Particolare importante e anche curioso, si tratta di un romanzo che presenta tra le pagine numerose note: appunti su modi di dire, spiegazioni sul significato di una parola dialettale, piccole parentesi sulla vita di questo o quel personaggio, arricchimenti sui costumi del tempo, sulle abitudini, su ciò che significava appartenere a una determinata classe sociale.
La terza e ultima parte del romanzo, infine, sembra scritta in un altro stile e da un'altra persona: vi è una legittimazione dei ruoli - non più la mamma ma la Madre, non più la bambina ma la Figlia, non più la sorella ma la Sorella. Le maiuscole servono a prendere distanza dall'affetto e dall'infanzia, considerato che a parlare ora è una donna adulta che deve occuparsi di tutto, e a sigillare i ruoli imposti.

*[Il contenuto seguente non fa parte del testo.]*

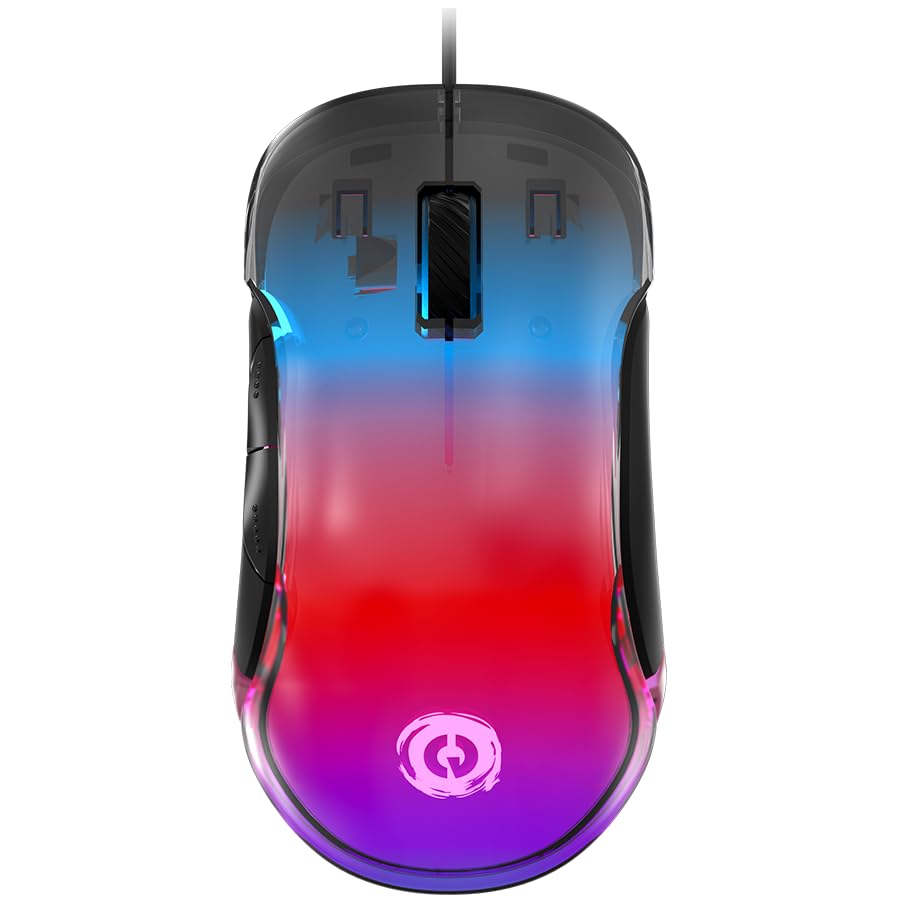Ratón gaming Canyon Braver Gm-728 Rgb One Size de precisión con cable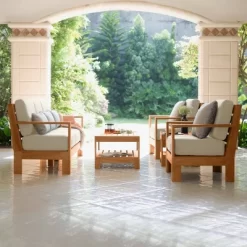 Logan Outdoor Teak Wood Coffee Table - Cambridge Casual -Quality Garden Outdoor Store GUEST 9a38cc5a a6ce 481e a9f5 943c601ee78e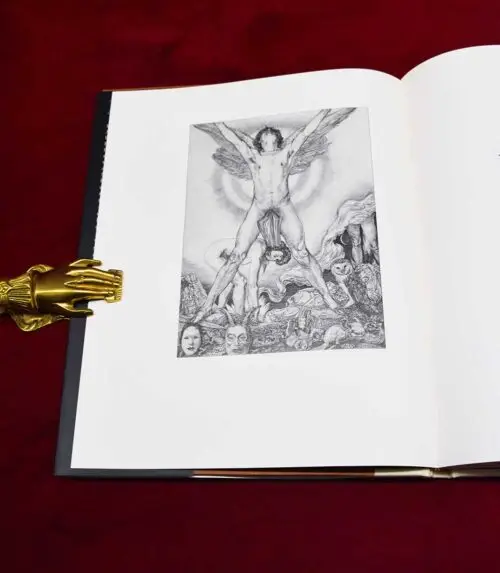 THE FOCUS OF LIFE REDUX by Austin Osman Spare (Signed Deluxe Quarter Bound in Vellum in Custom Slipcase) - Image 2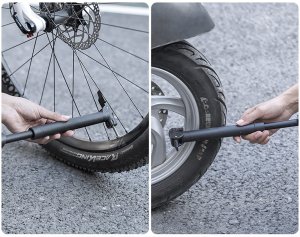Wozinsky Pompka rowerowa ręczna kompaktowa 80 PSI 5.5 bar - czarna Pompka rowerowa ręczna kompaktowa 80 PSI 5.5 bar - czarna 9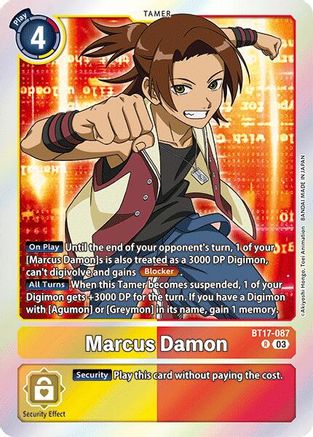 Marcus Damon (BT17-087) - Secret Crisis Foil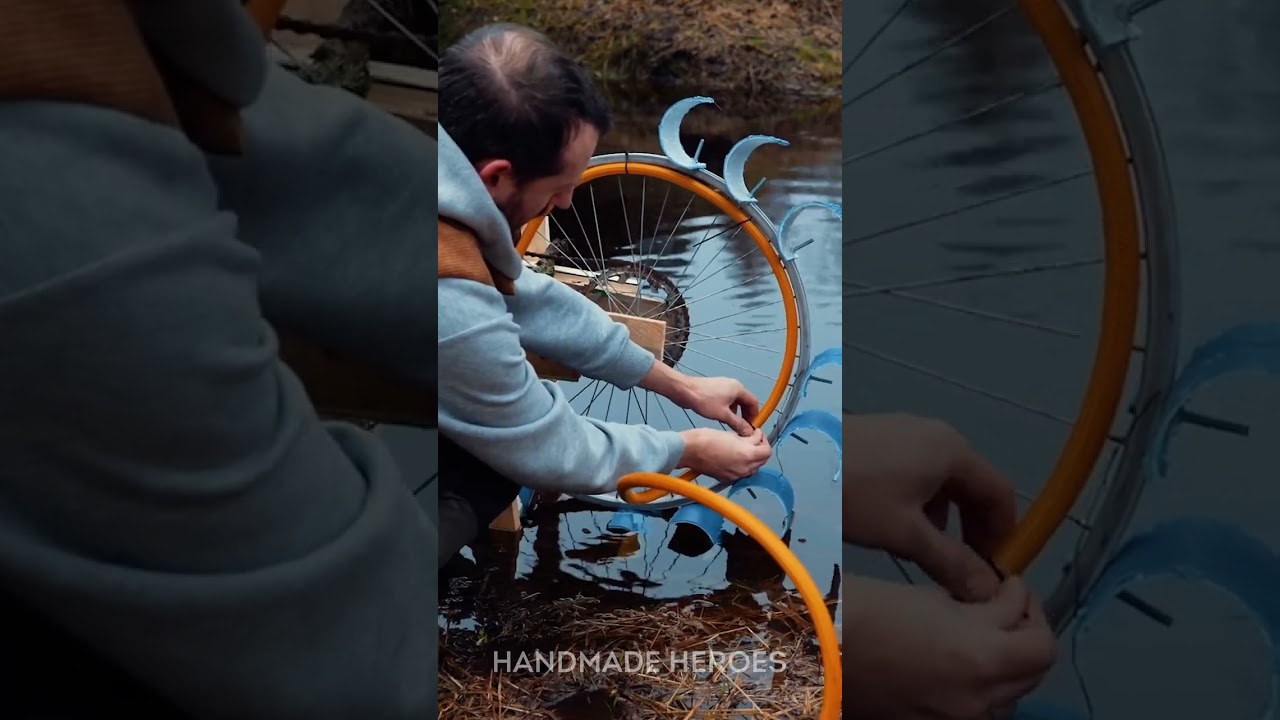 DIY Hydroelectric Generator from Nature for Off-Grid Power & Water! ⚡🌊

Ho amato molto questo romanzo, lo attendevo da tempo e non ne sono rimasta delusa. Leggendolo, pagina dopo pagina, mi sono resa conto di quanto lo stile di Ramondino abbia influenzato molti romanzi contemporanei che mettono in scena Napoli o luoghi legati a Napoli. Le descrizioni generose di dettagli, anche petulanti in alcuni casi, l'irrequietezza così attuale della protagonista, il suo rapporto col corpo, con il sangue, con la terra, con le donne della sua vita, e infine la ribellione, dapprima infantile, in seguito adulta, trovano spazio anche nelle pagine di oggi.
Lo consiglio a occhi chiusi a chiunque ami le scritture sfarzose ma non snob, lussuose ma sporcate dalla melma, o a chi è fan di autrici come Natalia Ginzburg, Matilde Serao, Goliarda Sapienza, Fausta Cialente, Anna Maria Ortese, Sibilla Aleramo.